» **TASK PROMPT**
For this exercise, copy the data exactly and omit any images.
[Opening DATASET CONTENT section]
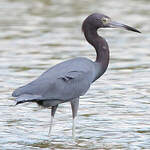 Aigrette bleue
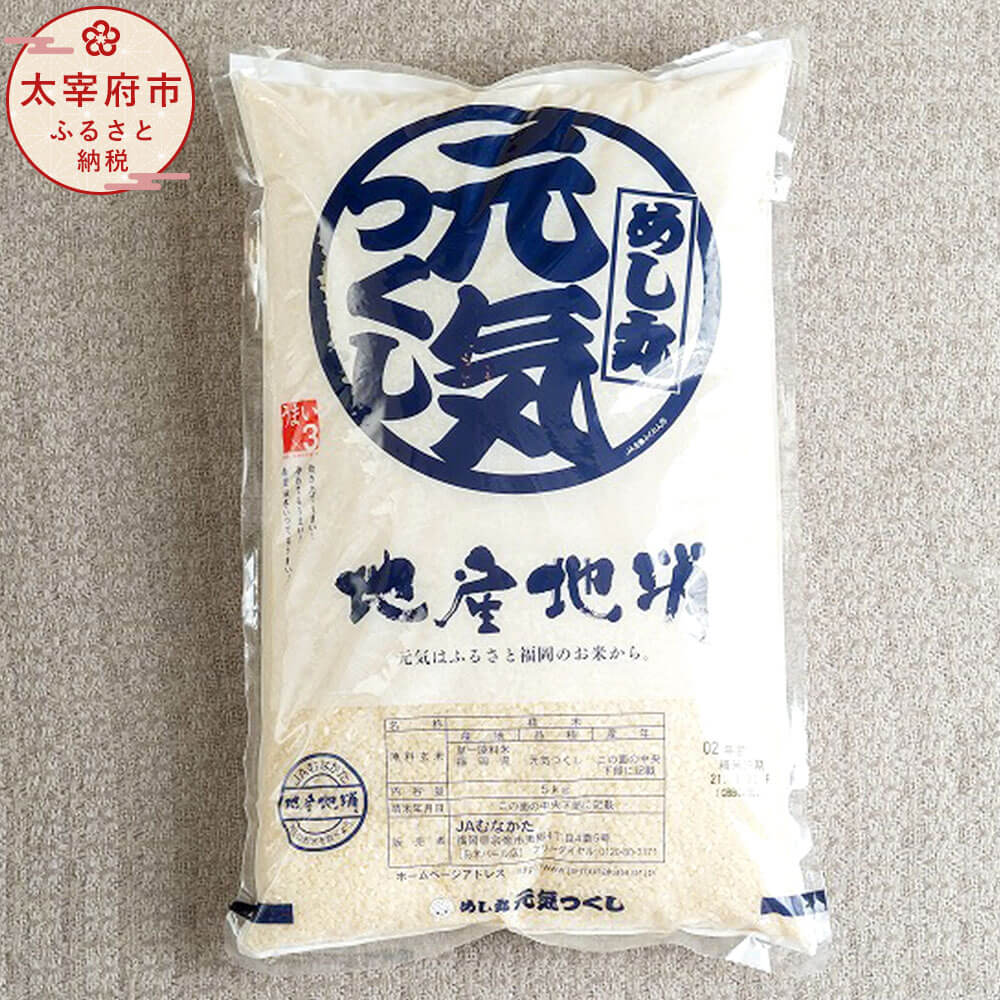 福岡の美味しいお米 元気つくし 5kg 福岡県産 令和5年産 九州産 国産 精米 お米 白米 ご飯 5キロ 送料無料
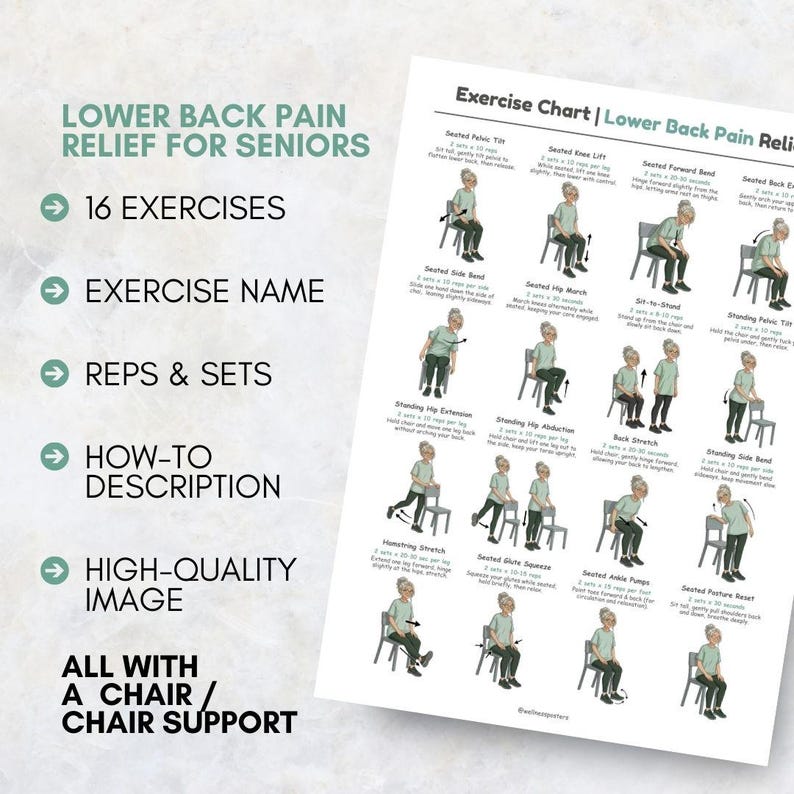 Lower Back Pain Relief for Seniors, Printable Chair Exercises for ...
[Closing DATASET CONTENT section]
» **TASK RESULT**
 Aigrette bleue
 福岡の美味しいお米 元気つくし 5kg 福岡県産 令和5年産 九州産 国産 精米 お米 白米 ご飯 5キロ 送料無料
 Lower Back Pain Relief for Seniors, Printable Chair Exercises for ...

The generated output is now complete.